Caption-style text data
########
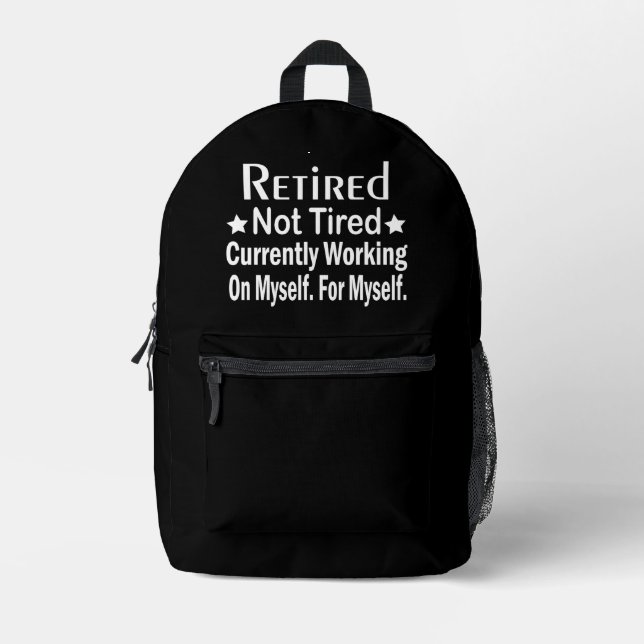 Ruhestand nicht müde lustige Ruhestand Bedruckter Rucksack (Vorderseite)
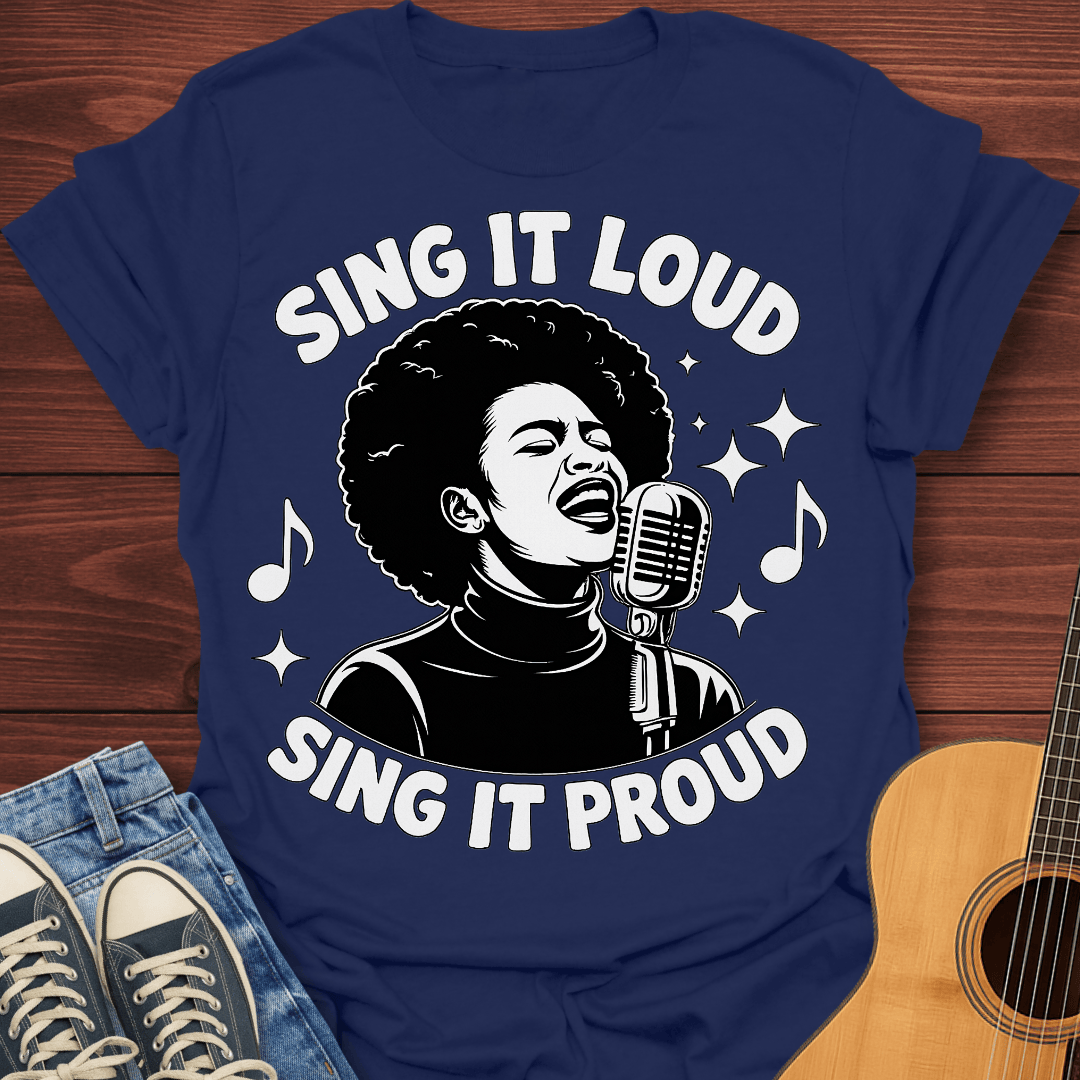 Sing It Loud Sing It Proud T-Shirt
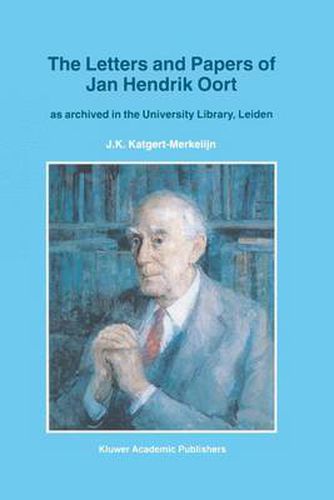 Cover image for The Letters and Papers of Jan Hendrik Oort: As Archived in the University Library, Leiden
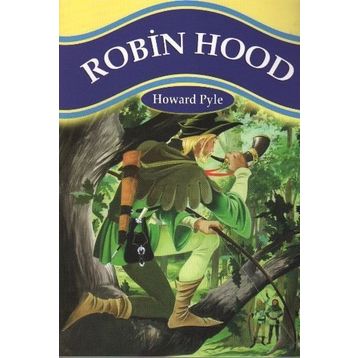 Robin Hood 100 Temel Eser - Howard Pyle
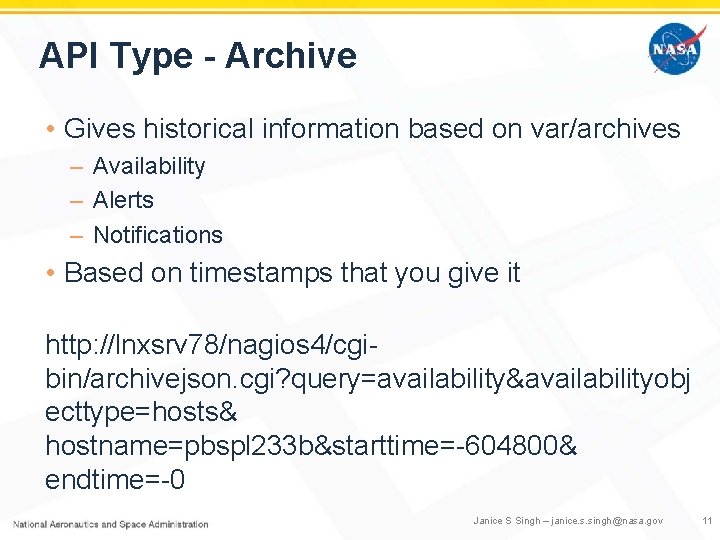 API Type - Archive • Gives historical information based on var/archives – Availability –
########
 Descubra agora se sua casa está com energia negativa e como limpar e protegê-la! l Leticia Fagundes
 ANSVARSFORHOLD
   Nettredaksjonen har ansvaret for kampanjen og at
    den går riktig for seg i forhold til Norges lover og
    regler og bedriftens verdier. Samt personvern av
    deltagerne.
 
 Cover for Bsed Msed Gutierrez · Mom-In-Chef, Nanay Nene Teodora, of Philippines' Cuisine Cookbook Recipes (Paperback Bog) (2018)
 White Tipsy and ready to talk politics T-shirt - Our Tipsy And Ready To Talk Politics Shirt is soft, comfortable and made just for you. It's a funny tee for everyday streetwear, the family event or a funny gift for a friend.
########
## WHAT THE TASK REQUIRES
Give back the exact lines above, running from the one that has "Ruhestand nicht müde" through the one that has "API Type - Archive", with nothing added and no pictures.

## RESPONSE BELOW
 Ruhestand nicht müde lustige Ruhestand Bedruckter Rucksack (Vorderseite)
 Sing It Loud Sing It Proud T-Shirt
 Cover image for The Letters and Papers of Jan Hendrik Oort: As Archived in the University Library, Leiden
 Robin Hood 100 Temel Eser - Howard Pyle
 API Type - Archive • Gives historical information based on var/archives – Availability –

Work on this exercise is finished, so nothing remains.